15 April 2025

Central Asian States Have Put Aside Their Territorial Disputes. Why Now?

Temur Umarov and Alibek Mukambayev

The Ferghana Valley, divided on the political map between Kyrgyzstan, Tajikistan, and Uzbekistan, has resembled a battlefield ever since the collapse of the Soviet Union. Hundreds of people have been killed in skirmishes and armed clashes in the region over the past three decades. Agricultural conditions rendered any kind of resolution seemingly impossible: resources are limited in this predominantly agrarian, densely populated, arid region. In addition, officials in all three states used the border conflicts for domestic political purposes.

On March 31, however, the presidents of Kyrgyzstan, Tajikistan, and Uzbekistan assembled in the Tajik city of Khujand to solemnly declare an end to all of their territorial disputes. Future conflicts cannot be ruled out completely. But for now, Central Asia’s leaders see far greater benefits from cooperation than from aggression. That might be the only guarantor of stability in the Ferghana region.

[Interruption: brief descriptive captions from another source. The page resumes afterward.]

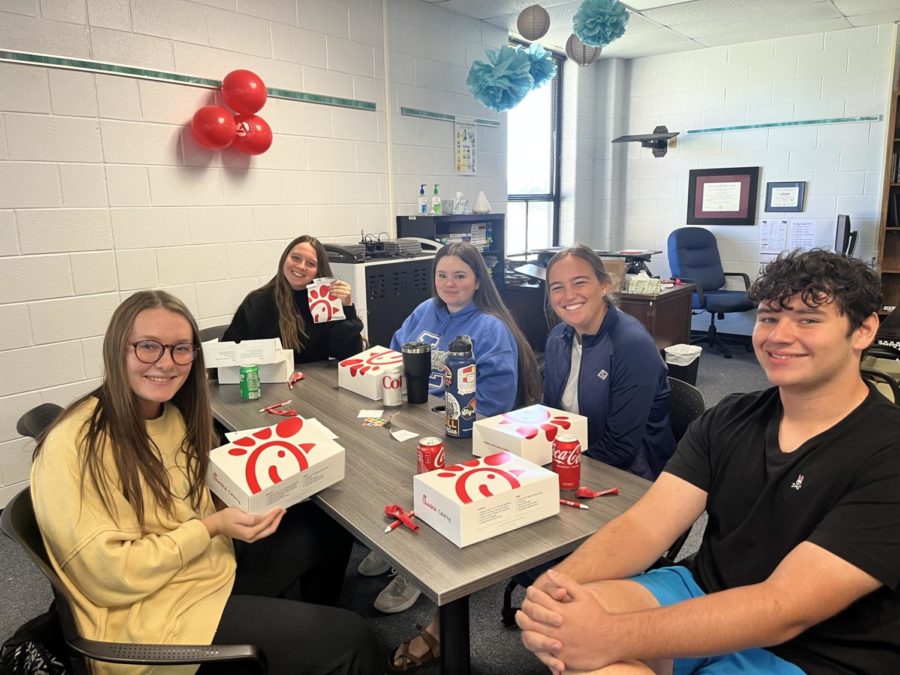 CFA Leader Academy Meeting Takes Place During Lunches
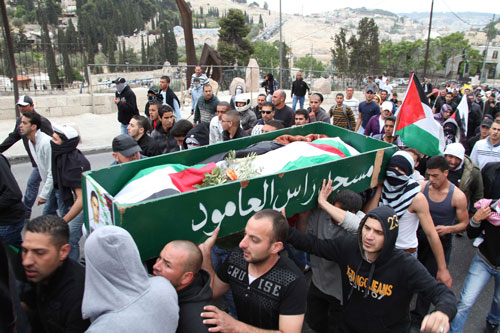 تشييع جثمان الشهيد الفتى ميلاد عياش بسلوان وسط إجراءات إسرائيلية مشددة 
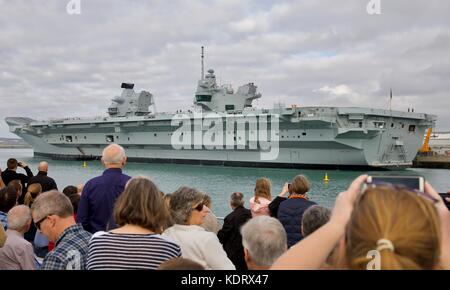 Die Leute, die Fotos von der Royal Navy Flaggschiff HMS Queen Elizabeth in Portsmouth Navel Base Stockfoto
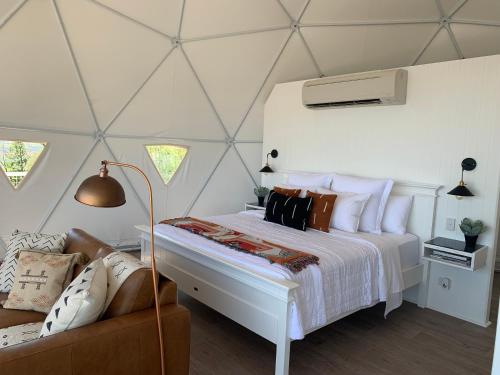 Ένα ή περισσότερα κρεβάτια σε δωμάτιο στο Faraway Domes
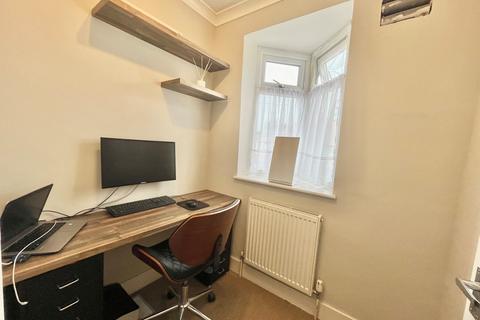7 Rom Crescent, Romford, RM7 0PL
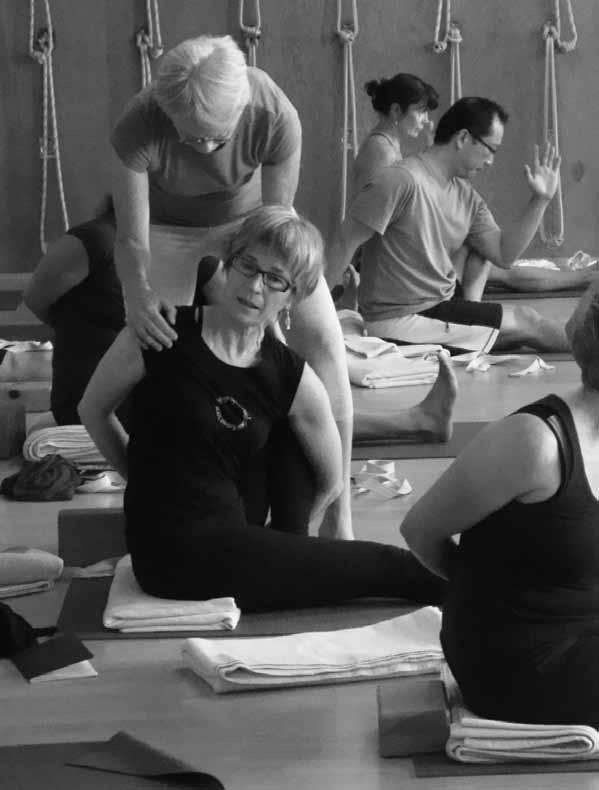 Learn how a chair can be used to deepen and enhance your Yogasana practice. Beignners this workshop is for you, too! Maximum 30 students.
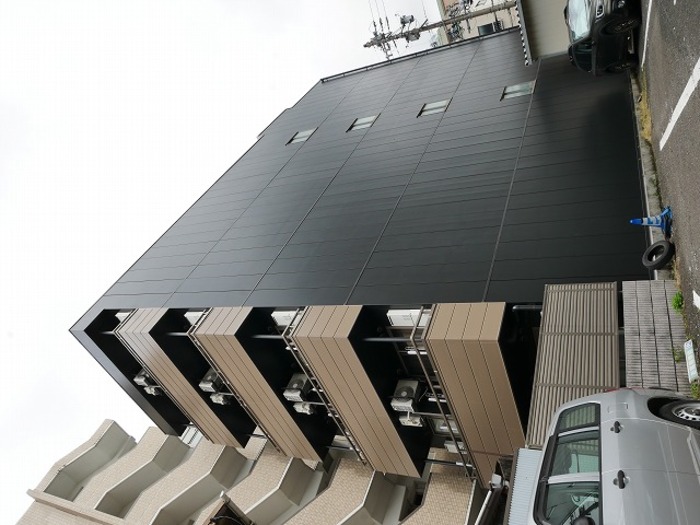 ブラック×ブラウンでシンプルモダンに☆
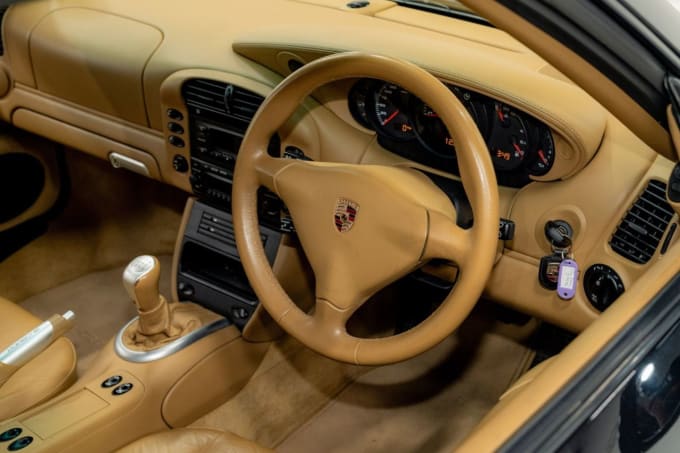 2004 Porsche 911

National borders in Central Asia were only demarcated in the 1950s, and the republics remained dissatisfied with the outcome. Regular conflicts occurred between the Central Asian republics even during the Soviet era, when the borders between them were purely administrative. When the Soviet Union fell, each newly independent state began to interpret discrepancies on old Soviet maps in its own favor, which only exacerbated the problem.